RECORDS:
..............................

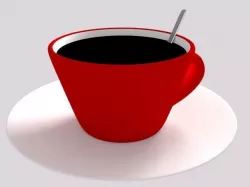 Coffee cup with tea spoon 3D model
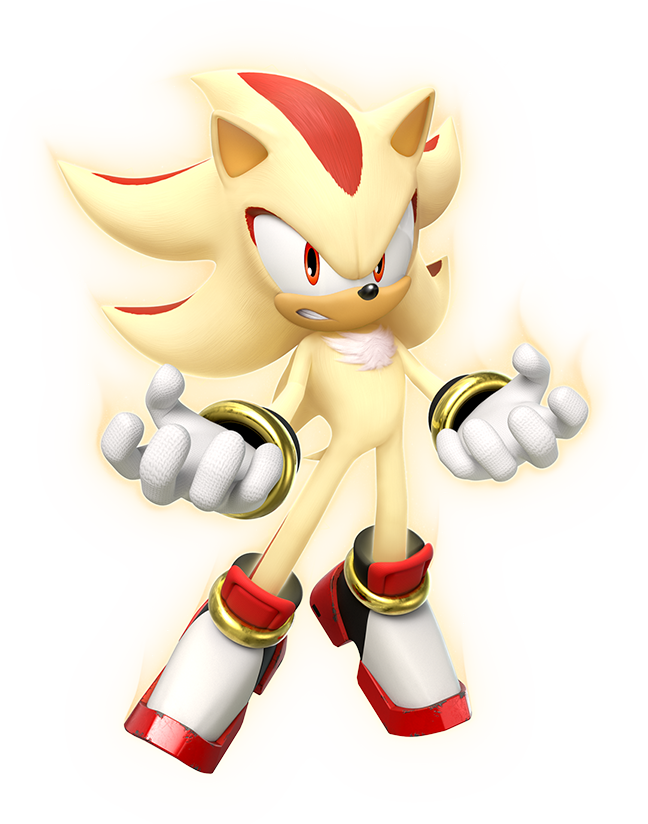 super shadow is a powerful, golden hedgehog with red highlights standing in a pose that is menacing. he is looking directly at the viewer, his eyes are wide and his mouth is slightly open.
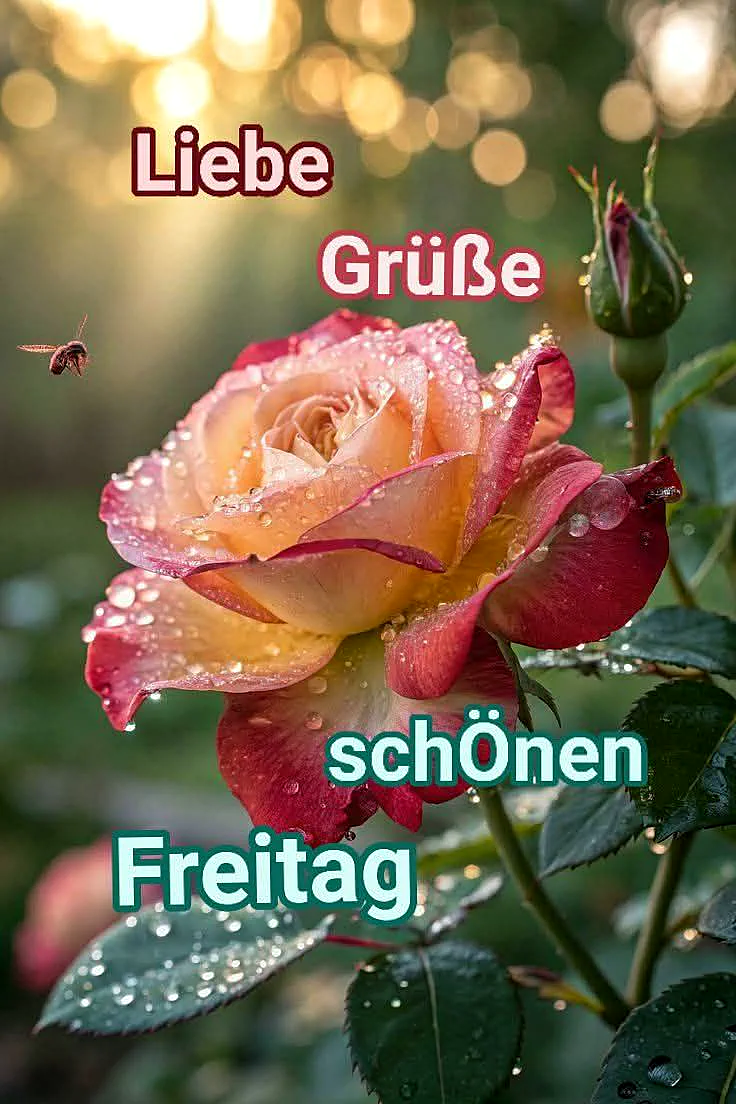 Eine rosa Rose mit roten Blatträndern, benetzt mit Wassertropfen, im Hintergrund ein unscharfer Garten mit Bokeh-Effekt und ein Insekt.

..............................

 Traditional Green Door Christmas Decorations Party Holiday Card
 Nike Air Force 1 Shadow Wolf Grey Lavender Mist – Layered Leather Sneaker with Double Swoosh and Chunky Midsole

..............................

TASK TO CARRY OUT:
Return the stretch of data that begins with the line showing "super shadow is" and goes on through the line showing "Eine rosa Rose", exactly, with pictures removed.

RESULT OF THIS TASK:
 super shadow is a powerful, golden hedgehog with red highlights standing in a pose that is menacing. he is looking directly at the viewer, his eyes are wide and his mouth is slightly open.
 Eine rosa Rose mit roten Blatträndern, benetzt mit Wassertropfen, im Hintergrund ein unscharfer Garten mit Bokeh-Effekt und ein Insekt.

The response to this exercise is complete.